TK-39: Tosk’s second patented product has been developed to block the cardiotoxicity that results from a class of widely used cancer drugs known as anthracyclines. These include doxorubicin, daunorubicin, Doxii R and Herceptin R, which are used to treat breast, bladder, and lung cancers as well as lymphoma and leukemia. Damage to heart tissue caused by anthracyclines is permanent and limits the lifetime dose of these drugs. Many patients are forced to suspend treatment due to this adverse effect. Even at the lifetime limited dose, as many as 50 percent of patients suffer reduced heart function later in life. TK-39 will enter human trials this year.

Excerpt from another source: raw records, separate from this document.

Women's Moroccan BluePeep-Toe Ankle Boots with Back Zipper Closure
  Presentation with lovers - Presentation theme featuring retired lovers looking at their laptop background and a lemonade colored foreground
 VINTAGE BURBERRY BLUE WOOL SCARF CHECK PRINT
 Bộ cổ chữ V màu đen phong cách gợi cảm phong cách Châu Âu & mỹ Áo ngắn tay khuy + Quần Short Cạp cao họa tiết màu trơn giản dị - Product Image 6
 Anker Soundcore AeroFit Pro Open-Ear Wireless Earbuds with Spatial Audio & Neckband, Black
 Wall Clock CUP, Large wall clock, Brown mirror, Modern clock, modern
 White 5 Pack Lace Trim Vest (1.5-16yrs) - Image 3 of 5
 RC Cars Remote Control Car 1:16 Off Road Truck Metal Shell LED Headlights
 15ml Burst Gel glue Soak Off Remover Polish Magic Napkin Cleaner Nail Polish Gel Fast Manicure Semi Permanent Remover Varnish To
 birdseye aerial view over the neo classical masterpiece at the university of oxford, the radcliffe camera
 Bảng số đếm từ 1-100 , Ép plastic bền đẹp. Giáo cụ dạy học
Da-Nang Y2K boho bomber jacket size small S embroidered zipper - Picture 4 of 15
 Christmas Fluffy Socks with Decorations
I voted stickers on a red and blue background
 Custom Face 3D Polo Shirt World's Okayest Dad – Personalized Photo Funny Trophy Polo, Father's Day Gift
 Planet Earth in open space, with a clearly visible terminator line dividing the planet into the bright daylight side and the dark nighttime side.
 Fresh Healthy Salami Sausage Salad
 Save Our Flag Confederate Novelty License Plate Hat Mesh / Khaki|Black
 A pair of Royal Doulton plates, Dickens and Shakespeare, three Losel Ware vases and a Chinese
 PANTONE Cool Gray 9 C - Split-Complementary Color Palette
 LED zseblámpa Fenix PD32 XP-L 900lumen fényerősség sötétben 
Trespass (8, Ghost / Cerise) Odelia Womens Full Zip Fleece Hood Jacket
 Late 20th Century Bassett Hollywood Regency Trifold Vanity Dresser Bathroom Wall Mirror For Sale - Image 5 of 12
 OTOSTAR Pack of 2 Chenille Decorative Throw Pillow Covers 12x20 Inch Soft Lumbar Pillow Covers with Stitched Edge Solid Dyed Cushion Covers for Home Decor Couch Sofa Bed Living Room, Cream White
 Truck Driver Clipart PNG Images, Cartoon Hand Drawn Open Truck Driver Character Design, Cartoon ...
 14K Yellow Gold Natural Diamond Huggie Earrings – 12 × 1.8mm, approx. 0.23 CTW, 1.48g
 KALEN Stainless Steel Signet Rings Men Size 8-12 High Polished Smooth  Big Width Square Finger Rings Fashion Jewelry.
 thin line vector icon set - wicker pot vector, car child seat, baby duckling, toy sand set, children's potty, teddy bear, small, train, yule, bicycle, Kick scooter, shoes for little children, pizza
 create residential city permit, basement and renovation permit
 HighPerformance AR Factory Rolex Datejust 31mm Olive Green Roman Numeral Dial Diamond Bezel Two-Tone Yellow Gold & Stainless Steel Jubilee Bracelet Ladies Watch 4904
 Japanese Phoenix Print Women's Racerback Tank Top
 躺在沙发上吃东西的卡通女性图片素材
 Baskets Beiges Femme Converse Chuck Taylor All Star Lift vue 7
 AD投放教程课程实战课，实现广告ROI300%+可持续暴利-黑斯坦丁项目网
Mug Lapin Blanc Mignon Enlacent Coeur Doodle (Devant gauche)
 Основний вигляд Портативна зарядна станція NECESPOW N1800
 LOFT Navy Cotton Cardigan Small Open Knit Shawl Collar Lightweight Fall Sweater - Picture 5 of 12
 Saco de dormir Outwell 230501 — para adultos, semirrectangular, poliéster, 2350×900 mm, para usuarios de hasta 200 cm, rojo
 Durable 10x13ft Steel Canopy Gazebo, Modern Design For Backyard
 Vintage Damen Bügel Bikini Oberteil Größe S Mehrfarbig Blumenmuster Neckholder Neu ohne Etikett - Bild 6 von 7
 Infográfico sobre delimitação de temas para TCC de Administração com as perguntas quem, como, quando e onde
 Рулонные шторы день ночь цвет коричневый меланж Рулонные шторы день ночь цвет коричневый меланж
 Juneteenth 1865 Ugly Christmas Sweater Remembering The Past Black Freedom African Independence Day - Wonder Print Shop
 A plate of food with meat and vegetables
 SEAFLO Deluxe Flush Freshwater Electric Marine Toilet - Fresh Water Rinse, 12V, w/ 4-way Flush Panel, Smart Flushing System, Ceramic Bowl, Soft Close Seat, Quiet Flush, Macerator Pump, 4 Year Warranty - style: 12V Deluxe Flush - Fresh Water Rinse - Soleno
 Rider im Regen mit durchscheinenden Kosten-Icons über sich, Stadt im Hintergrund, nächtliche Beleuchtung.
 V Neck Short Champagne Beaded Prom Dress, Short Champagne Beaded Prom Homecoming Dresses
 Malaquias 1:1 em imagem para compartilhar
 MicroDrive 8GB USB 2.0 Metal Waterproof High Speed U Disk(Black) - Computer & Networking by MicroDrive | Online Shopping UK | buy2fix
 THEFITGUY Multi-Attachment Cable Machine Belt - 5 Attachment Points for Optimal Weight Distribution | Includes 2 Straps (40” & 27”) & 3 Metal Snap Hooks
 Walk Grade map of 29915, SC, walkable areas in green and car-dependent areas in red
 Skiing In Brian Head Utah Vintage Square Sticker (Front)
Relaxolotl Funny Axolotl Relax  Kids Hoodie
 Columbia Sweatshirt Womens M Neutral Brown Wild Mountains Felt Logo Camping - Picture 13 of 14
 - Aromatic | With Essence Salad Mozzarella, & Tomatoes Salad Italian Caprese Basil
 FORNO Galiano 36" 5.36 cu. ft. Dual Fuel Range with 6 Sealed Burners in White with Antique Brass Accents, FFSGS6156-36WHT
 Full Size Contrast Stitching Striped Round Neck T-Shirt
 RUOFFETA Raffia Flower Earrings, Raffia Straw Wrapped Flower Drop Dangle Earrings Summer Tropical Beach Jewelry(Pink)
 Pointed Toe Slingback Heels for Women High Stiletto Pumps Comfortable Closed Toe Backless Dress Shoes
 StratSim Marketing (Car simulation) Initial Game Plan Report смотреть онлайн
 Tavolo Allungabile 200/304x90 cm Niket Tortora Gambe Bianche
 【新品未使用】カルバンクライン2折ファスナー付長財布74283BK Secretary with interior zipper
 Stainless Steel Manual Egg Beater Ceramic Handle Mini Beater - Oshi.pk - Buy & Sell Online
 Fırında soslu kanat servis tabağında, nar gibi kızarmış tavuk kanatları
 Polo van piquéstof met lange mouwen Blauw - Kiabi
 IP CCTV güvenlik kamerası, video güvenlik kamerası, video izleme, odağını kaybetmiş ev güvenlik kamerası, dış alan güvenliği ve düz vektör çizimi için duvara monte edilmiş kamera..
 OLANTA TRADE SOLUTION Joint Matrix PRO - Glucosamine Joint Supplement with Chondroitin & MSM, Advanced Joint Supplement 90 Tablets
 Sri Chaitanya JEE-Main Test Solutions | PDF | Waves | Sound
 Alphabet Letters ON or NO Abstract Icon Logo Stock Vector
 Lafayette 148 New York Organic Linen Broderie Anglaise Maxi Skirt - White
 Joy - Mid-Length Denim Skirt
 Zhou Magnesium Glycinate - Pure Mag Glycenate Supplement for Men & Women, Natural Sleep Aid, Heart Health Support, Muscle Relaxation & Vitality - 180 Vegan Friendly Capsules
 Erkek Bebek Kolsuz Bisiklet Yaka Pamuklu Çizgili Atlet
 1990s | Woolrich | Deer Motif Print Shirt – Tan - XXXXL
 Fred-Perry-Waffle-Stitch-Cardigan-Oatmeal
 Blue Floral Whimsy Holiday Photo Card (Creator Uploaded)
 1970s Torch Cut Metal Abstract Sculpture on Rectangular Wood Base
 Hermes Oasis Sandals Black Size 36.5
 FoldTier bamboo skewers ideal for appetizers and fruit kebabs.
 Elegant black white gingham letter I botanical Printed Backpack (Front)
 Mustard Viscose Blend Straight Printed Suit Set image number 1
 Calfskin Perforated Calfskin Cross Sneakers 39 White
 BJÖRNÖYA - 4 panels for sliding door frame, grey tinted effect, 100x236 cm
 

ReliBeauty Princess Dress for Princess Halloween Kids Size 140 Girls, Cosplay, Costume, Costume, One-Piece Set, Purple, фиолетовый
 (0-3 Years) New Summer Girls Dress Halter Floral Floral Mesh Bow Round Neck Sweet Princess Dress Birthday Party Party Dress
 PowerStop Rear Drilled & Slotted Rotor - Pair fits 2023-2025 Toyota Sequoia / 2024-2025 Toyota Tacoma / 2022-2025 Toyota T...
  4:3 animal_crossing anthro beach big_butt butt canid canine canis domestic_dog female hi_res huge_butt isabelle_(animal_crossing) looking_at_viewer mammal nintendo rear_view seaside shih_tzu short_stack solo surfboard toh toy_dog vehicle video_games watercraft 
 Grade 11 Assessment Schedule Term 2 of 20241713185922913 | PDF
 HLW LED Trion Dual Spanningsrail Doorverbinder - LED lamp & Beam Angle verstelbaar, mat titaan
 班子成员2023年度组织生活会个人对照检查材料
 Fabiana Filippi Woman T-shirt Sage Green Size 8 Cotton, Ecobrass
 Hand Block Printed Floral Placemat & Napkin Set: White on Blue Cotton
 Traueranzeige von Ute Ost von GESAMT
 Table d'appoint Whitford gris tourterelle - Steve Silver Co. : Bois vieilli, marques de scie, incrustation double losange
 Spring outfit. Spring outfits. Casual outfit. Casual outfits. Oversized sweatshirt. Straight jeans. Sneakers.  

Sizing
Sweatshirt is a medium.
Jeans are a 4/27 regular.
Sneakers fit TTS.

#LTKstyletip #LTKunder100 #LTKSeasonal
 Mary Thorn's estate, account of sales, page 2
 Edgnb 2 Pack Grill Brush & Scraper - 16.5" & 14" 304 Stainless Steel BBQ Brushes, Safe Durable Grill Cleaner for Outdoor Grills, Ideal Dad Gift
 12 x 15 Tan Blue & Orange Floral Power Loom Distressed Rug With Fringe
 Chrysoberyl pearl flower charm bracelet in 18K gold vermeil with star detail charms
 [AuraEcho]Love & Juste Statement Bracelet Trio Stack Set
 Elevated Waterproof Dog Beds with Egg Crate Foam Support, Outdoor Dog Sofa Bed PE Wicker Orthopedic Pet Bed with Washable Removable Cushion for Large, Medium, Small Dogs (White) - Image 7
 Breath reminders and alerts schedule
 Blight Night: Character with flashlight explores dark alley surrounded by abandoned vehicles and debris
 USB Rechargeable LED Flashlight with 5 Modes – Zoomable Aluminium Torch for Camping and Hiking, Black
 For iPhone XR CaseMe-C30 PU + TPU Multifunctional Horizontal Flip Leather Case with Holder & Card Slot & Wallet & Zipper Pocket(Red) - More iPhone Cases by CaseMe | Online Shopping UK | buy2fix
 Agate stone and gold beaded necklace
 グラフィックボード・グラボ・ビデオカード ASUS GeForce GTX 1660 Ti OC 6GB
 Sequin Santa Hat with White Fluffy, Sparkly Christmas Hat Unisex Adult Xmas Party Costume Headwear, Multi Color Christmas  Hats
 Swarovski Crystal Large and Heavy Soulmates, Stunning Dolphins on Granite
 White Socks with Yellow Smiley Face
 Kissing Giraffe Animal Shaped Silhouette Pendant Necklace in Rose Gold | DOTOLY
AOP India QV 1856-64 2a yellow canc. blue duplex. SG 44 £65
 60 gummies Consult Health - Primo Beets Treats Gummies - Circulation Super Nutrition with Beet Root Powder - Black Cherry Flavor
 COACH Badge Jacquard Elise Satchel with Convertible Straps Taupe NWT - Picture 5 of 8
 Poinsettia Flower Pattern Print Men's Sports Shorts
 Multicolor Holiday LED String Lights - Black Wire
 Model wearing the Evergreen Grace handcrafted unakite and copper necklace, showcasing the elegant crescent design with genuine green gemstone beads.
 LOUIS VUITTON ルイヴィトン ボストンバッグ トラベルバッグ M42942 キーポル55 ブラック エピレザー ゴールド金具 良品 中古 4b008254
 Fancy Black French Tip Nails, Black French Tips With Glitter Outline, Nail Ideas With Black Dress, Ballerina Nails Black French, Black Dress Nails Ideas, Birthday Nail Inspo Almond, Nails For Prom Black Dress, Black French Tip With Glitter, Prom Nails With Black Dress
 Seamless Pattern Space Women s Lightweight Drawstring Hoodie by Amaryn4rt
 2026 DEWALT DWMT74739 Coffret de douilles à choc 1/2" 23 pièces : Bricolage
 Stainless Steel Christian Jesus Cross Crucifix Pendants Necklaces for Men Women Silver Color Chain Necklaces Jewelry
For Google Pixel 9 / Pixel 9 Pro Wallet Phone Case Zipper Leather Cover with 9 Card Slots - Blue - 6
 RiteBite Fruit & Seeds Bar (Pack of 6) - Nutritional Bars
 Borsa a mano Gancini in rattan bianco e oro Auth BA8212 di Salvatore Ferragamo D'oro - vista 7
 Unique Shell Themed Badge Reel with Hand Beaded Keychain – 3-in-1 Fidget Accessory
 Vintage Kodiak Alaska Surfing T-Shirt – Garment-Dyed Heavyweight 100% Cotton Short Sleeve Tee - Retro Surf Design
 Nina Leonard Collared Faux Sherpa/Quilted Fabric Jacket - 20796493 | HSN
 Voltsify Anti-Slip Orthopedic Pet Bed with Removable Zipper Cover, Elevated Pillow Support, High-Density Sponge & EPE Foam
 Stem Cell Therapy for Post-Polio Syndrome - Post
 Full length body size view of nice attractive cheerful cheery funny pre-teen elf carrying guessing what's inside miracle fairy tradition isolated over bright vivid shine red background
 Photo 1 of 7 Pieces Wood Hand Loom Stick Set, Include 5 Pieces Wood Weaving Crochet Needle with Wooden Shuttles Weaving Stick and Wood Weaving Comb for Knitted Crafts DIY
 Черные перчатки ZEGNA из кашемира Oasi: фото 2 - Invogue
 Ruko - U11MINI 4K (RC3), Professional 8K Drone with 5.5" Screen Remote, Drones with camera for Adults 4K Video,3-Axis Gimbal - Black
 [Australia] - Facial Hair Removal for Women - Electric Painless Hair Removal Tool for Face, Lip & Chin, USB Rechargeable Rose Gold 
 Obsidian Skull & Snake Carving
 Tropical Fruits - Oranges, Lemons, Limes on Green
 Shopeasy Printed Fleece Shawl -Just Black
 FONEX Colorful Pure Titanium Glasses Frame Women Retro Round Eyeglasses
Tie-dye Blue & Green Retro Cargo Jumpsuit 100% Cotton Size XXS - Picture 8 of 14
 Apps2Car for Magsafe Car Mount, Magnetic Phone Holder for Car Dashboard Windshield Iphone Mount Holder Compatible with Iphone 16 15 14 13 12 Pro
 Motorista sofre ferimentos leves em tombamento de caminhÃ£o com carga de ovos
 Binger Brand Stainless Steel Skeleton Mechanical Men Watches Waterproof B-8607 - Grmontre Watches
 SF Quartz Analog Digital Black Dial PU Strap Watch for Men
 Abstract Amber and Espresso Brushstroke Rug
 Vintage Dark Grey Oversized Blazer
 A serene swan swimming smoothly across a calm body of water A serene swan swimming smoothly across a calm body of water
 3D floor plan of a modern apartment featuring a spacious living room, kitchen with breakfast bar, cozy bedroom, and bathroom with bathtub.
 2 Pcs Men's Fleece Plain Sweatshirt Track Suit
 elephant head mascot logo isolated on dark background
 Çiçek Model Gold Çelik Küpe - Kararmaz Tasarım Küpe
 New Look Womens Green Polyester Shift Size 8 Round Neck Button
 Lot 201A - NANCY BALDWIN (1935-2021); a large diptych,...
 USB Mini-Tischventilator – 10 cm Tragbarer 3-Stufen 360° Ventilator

TK-kRAS: Mutant genes promote many cancers, including 90 percent of pancreatic, 45 percent of colon and 35 percent of lung cancers and a portion of most other cancers. Traditional drug discovery methods have failed to find a way to block the effects of such genes on certain cancers, which have been characterized as "undruggable." These mutant genes are found in up to 40 percent of cancer patients, rendering certain cancer drugs, known as EGFR inhibitors, ineffective. Tosk, in conjunction with the company's Scientific Advisor Dr. Jeffey Thomas of the Texas Tech University Health Sciences Center, and the National Cancer Institute, which has provided grants to Tosk, are working to overcome the obstacles presented by these genes. Using our proprietary Genetically Modified FlyTM model, we have identified leads that may block the effects of the "bad" genes, and are optimizing the leads using traditional medicinal chemistry methods to improve their effectiveness. This is a complex but potentially revolutionary breakthrough that will positively impact literally millions of cancer pateints throughout the world.
TK-88: Our other drug discovery initiative is designed to block the damage that widely used platinum-based drugs, such as cisplatin and carboplatin, can cause. These adverse effects can be permanent and include kidney damage, peripheral neuropathy, and hearing loss.
There are very few early stage biopharma companies with four drugs in the pipeline.